## Work request:
In the entries below, begin at the line that has "this 300×169 image.", stop after the line that has "this 1344×896 image.", and output those lines exactly with no pictures.

## Data for this exercise:
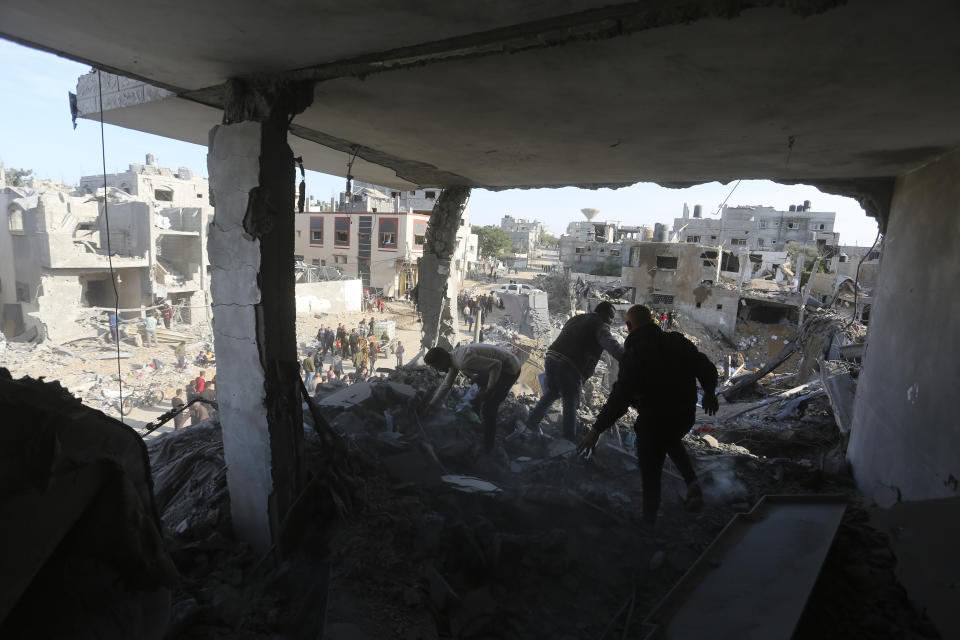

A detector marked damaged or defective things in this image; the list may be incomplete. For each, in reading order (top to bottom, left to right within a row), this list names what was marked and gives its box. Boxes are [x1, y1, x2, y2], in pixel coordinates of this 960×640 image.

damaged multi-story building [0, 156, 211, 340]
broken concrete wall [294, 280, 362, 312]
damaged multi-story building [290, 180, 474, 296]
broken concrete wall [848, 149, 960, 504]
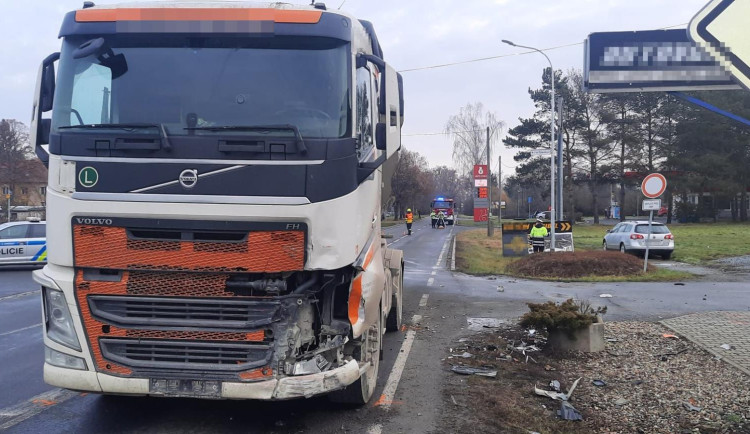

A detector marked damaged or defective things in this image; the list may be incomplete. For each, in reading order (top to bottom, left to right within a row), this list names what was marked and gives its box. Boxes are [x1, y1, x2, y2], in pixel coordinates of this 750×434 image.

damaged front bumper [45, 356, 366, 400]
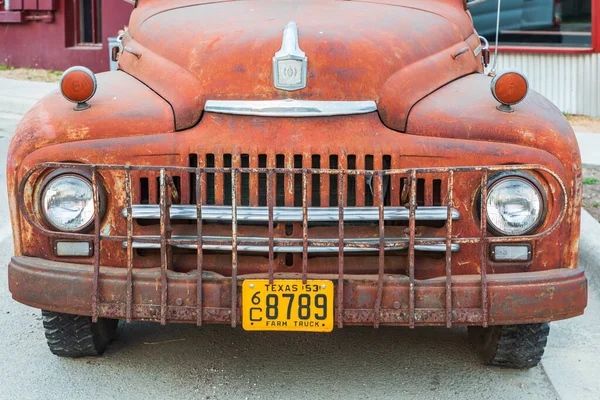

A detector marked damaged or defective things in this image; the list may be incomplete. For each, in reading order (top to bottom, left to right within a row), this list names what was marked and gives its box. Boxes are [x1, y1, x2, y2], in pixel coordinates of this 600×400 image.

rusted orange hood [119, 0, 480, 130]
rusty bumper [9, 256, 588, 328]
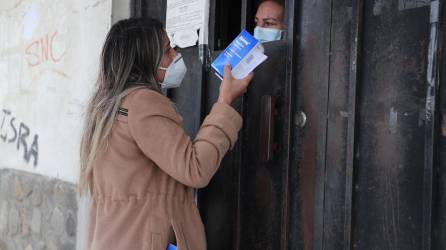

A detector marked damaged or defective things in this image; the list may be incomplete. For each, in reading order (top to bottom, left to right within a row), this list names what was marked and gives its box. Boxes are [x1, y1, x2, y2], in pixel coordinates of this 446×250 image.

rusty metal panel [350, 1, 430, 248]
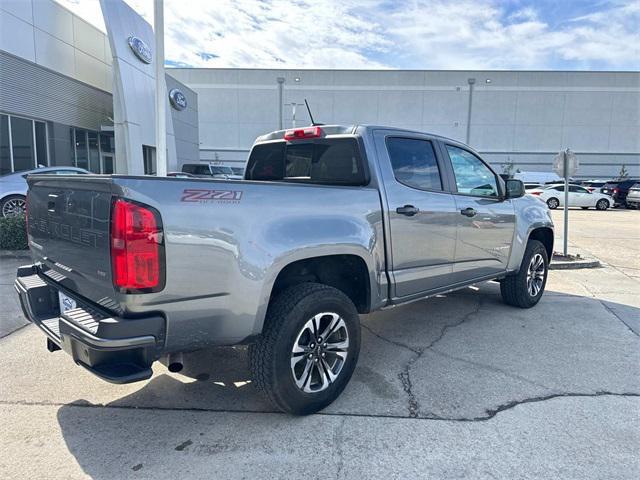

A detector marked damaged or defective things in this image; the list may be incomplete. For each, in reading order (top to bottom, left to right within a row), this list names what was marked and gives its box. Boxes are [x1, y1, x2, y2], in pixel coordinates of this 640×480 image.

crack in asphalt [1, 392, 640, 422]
...
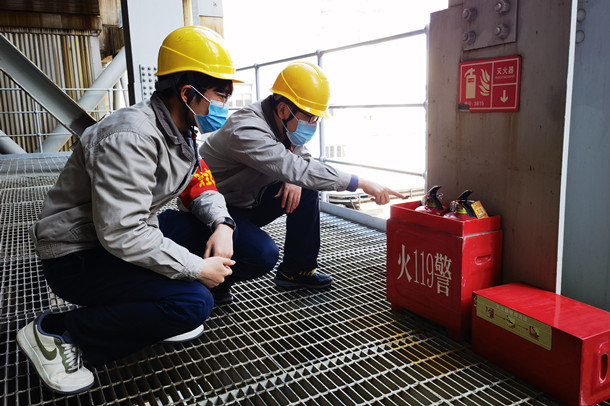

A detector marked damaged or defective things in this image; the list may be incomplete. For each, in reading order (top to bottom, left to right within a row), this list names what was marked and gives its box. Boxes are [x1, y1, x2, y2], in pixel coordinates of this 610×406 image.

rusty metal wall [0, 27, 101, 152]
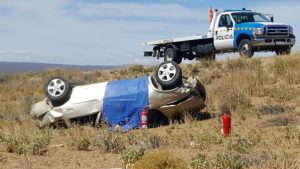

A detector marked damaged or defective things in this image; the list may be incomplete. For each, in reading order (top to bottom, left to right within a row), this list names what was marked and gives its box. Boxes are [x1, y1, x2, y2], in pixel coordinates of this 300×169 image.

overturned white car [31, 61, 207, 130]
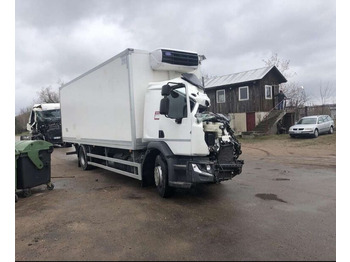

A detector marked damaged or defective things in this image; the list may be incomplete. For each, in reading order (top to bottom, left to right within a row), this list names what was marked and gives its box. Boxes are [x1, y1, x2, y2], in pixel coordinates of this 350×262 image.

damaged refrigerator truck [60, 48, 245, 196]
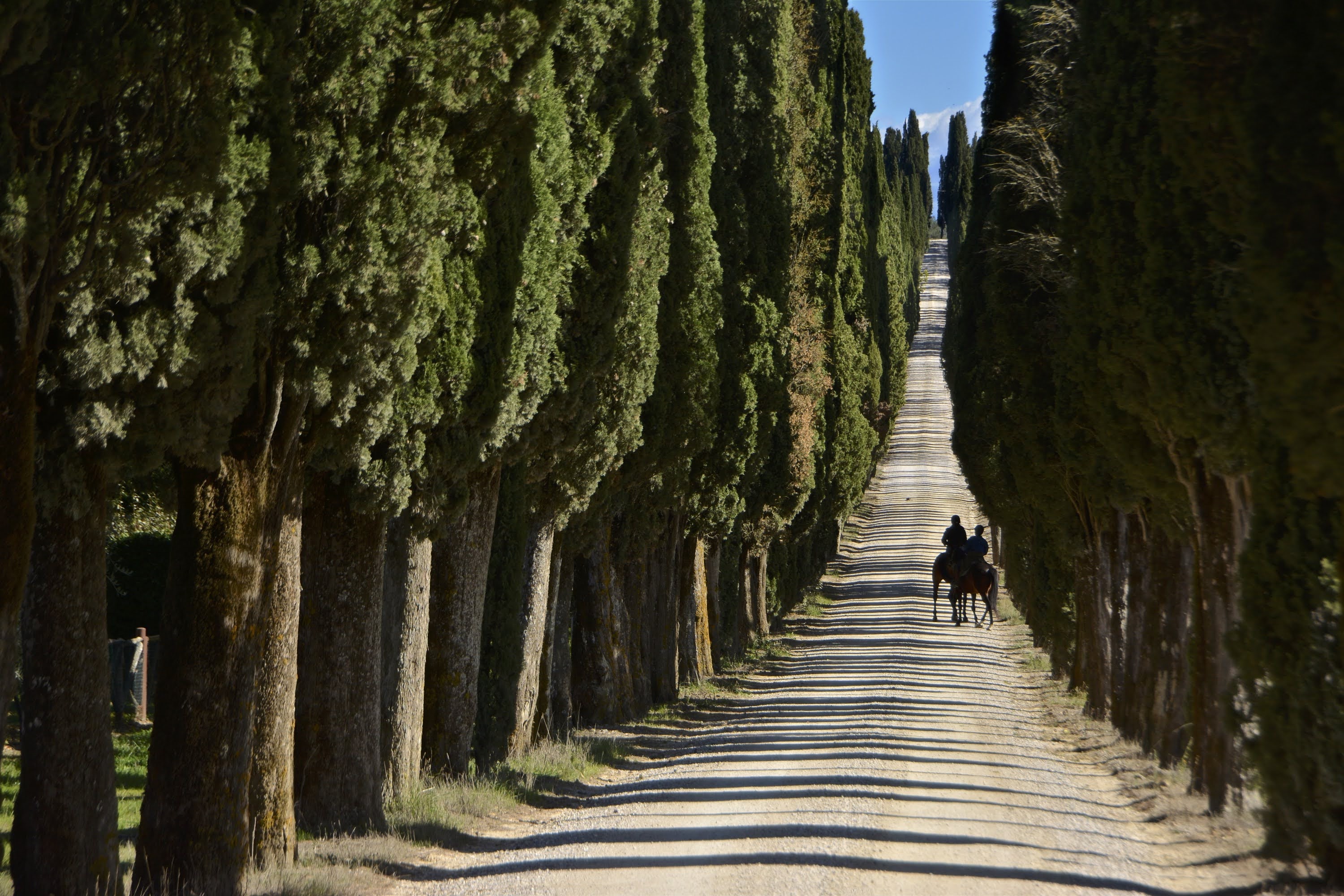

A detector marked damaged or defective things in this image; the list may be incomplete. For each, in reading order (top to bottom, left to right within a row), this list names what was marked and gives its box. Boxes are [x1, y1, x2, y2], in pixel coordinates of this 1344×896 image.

## Exercise answer:
A detector marked damaged or defective things in this image; the list may be incomplete. For each, in reading order (top to bottom, left to right within a row), this list names what was marked and gives its box. Boxes are [x1, y1, x2, y2], in pixel coordinates of this 300×169 image.

overturned white car [31, 61, 207, 130]

A detector marked damaged or defective things in this image; the list may be incomplete. For each, in reading order (top to bottom, left to right within a row), this list names what was marked and gives its box. Boxes are [x1, y1, x2, y2], in pixel coordinates of this 350×262 image.

damaged refrigerator truck [60, 48, 245, 196]

A detector marked damaged or defective things in this image; the list may be incomplete. For each, in reading order (top to bottom, left to right within a row), this list names what was marked and gives its box. Boxes are [x1, y1, x2, y2], in pixel coordinates of this 1344×896 image.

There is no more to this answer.